Add support to ValueTracking for determining that a pointer is non-null

by virtue of inbounds GEPs that preclude a null pointer. This is a very common pattern in the code generated by std::vector and other standard library routines which use allocators that test for null pervasively. This is one step closer to teaching Clang+LLVM to be able to produce an empty function for: void f() { std::vector<int> v; v.push_back(1); v.push_back(2); v.push_back(3); v.push_back(4); } Which is related to getting them to completely fold SmallVector push_back sequences into constants when inlining and other optimizations make that a possibility. git-svn-id: https://llvm.org/svn/llvm-project/llvm/trunk@169573 91177308-0d34-0410-b5e6-96231b3b80d8
2024-12-27 13:30:05 +00:00 · 2012-12-07 02:08:58 +00:00 · 2012-12-07 02:08:58 +00:00 · 70d3bebc8b
commit 70d3bebc8b
parent b02ed5b8ea
2 changed files with 113 additions and 0 deletions
--- a/lib/Analysis/ValueTracking.cpp
+++ b/lib/Analysis/ValueTracking.cpp
@ -862,6 +862,72 @@ bool llvm::isPowerOfTwo(Value *V, const DataLayout *TD, bool OrZero,
  return false;
 }
 /// \brief Test whether a GEP's result is known to be non-null.
 ///
 /// Uses properties inherent in a GEP to try to determine whether it is known
 /// to be non-null.
 ///
 /// Currently this routine does not support vector GEPs.

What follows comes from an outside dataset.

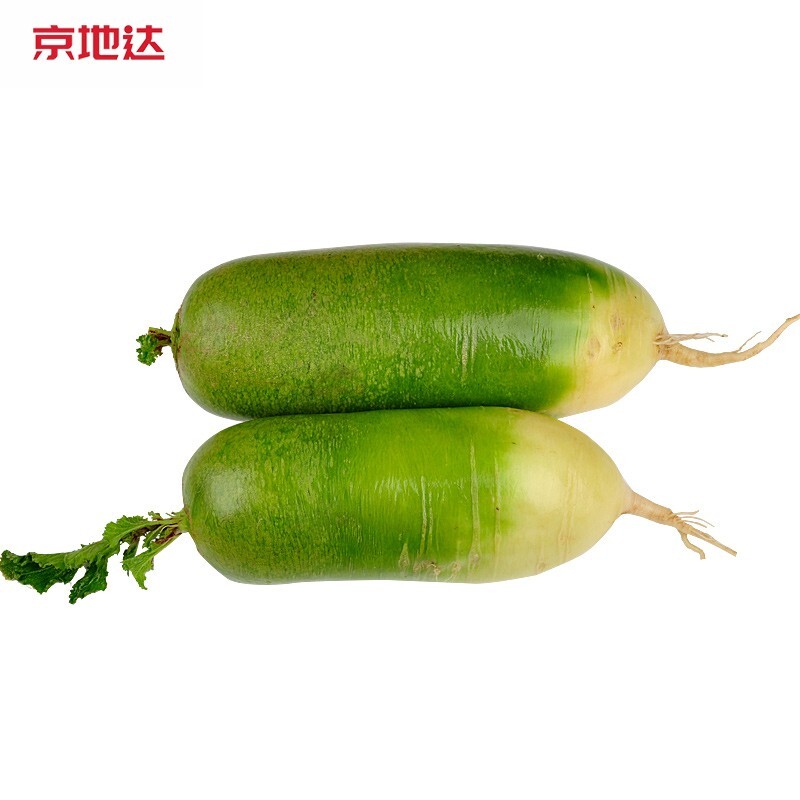 绿翡翠萝卜品种介绍图片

 static bool isGEPKnownNonNull(GEPOperator *GEP, const DataLayout *DL,
                              unsigned Depth) {
  if (!GEP->isInBounds() || GEP->getPointerAddressSpace() != 0)
    return false;
  // FIXME: Support vector-GEPs.
  assert(GEP->getType()->isPointerTy() && "We only support plain pointer GEP");
  // If the base pointer is non-null, we cannot walk to a null address with an
  // inbounds GEP in address space zero.
  if (isKnownNonZero(GEP->getPointerOperand(), DL, Depth))
    return true;
  // Past this, if we don't have DataLayout, we can't do much.
  if (!DL)
    return false;
  // Walk the GEP operands and see if any operand introduces a non-zero offset.
  // If so, then the GEP cannot produce a null pointer, as doing so would
  // inherently violate the inbounds contract within address space zero.
  for (gep_type_iterator GTI = gep_type_begin(GEP), GTE = gep_type_end(GEP);
       GTI != GTE; ++GTI) {
    // Struct types are easy -- they must always be indexed by a constant.
    if (StructType *STy = dyn_cast<StructType>(*GTI)) {
      ConstantInt *OpC = cast<ConstantInt>(GTI.getOperand());
      unsigned ElementIdx = OpC->getZExtValue();
      const StructLayout *SL = DL->getStructLayout(STy);
      uint64_t ElementOffset = SL->getElementOffset(ElementIdx);
      if (ElementOffset > 0)
        return true;
      continue;
    }
    // If we have a zero-sized type, the index doesn't matter. Keep looping.
    if (DL->getTypeAllocSize(GTI.getIndexedType()) == 0)
      continue;
    // Fast path the constant operand case both for efficiency and so we don't
    // increment Depth when just zipping down an all-constant GEP.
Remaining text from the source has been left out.